§ **How to complete this task**: Return the data below exactly, please, but drop the pictures.

§ **Dataset extract**:
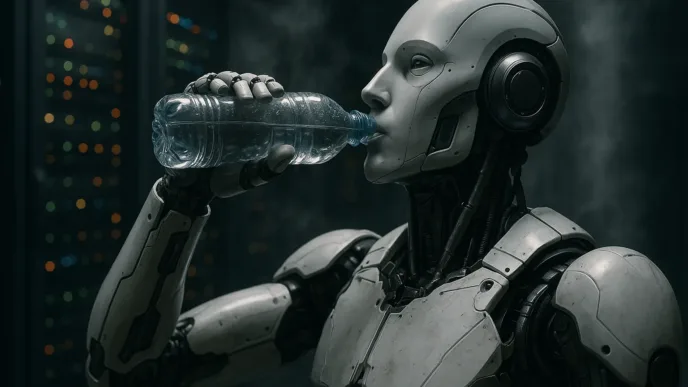 Data center with servers and a water bottle symbolizing AI water consumption and environmental impact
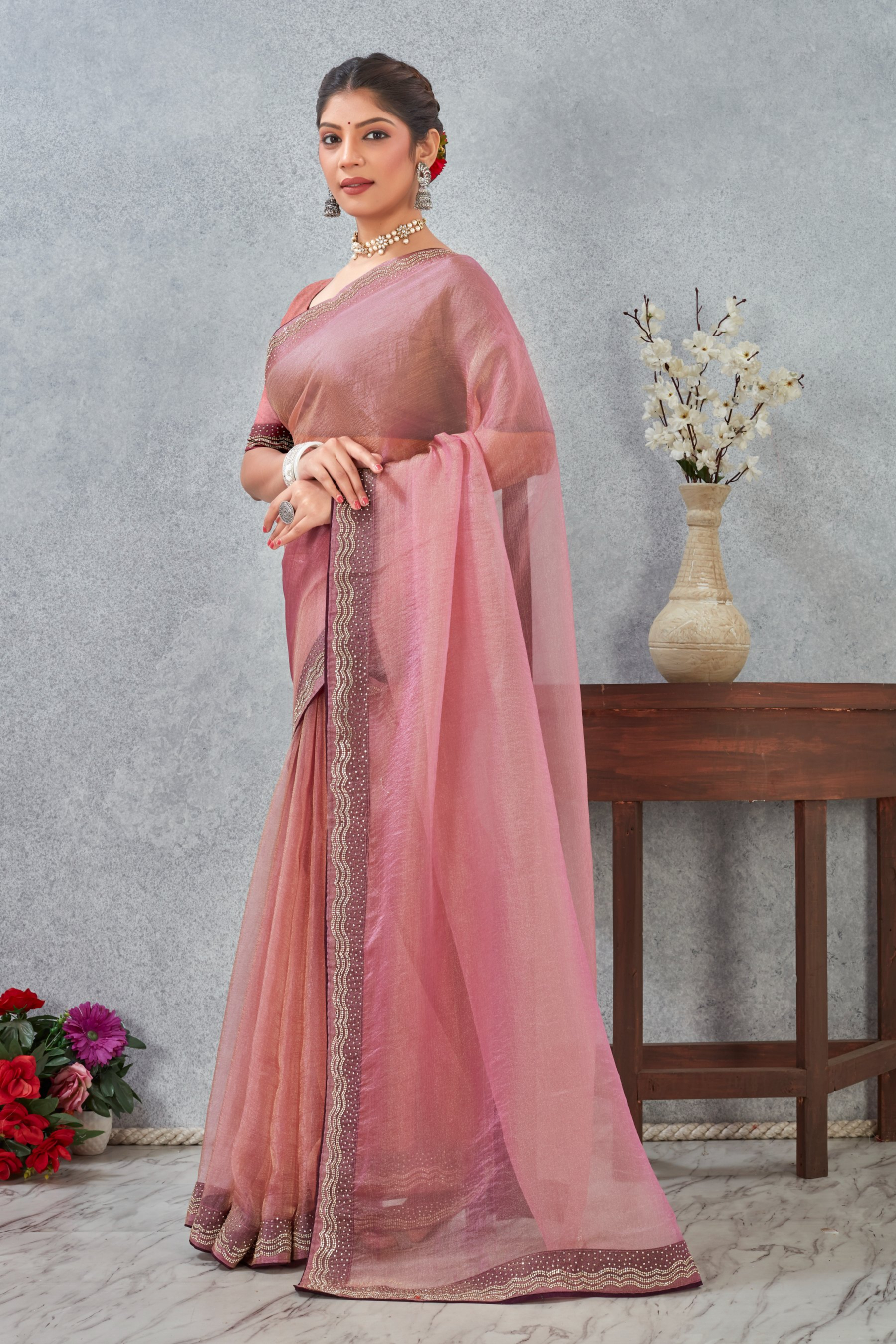 Pink Zircon Border Soft Silk Saree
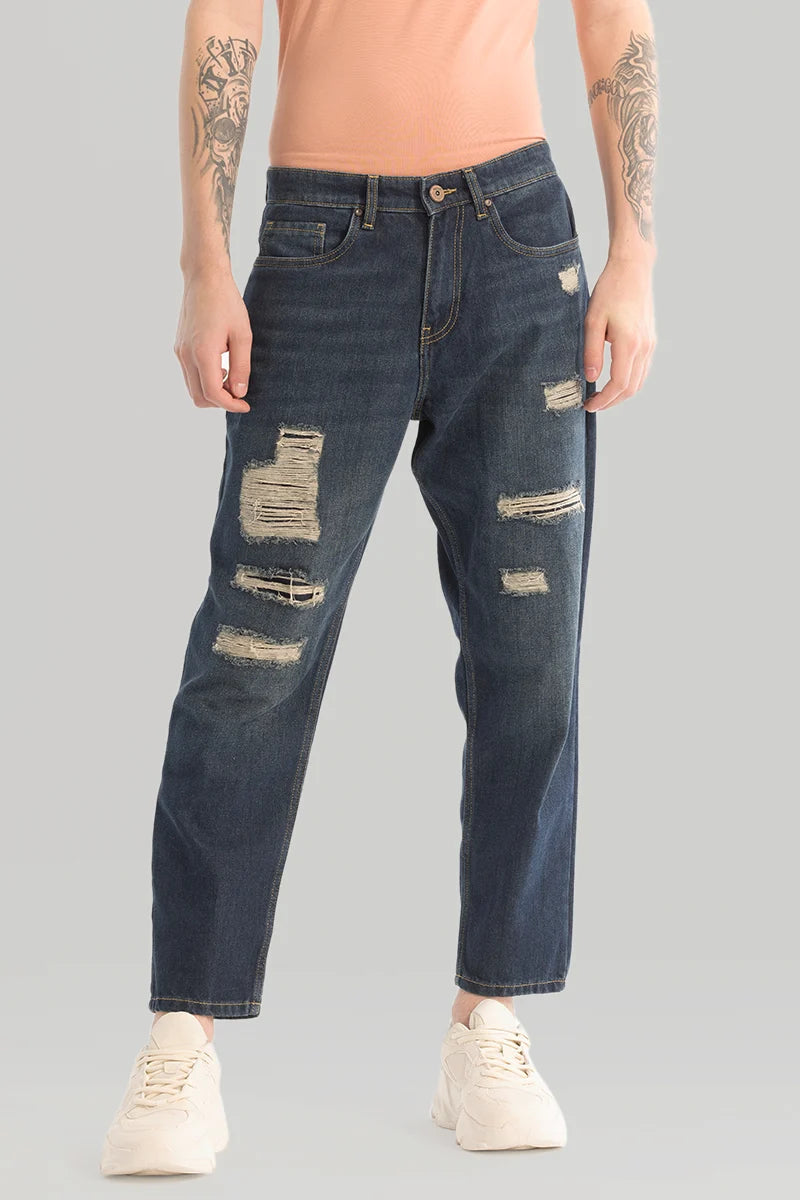 Five Pocket Jeans for Storage -Dark Blue Distressed Baggy Fit Jeans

§ **Solution for this task**:
 Data center with servers and a water bottle symbolizing AI water consumption and environmental impact
 Pink Zircon Border Soft Silk Saree
 Five Pocket Jeans for Storage -Dark Blue Distressed Baggy Fit Jeans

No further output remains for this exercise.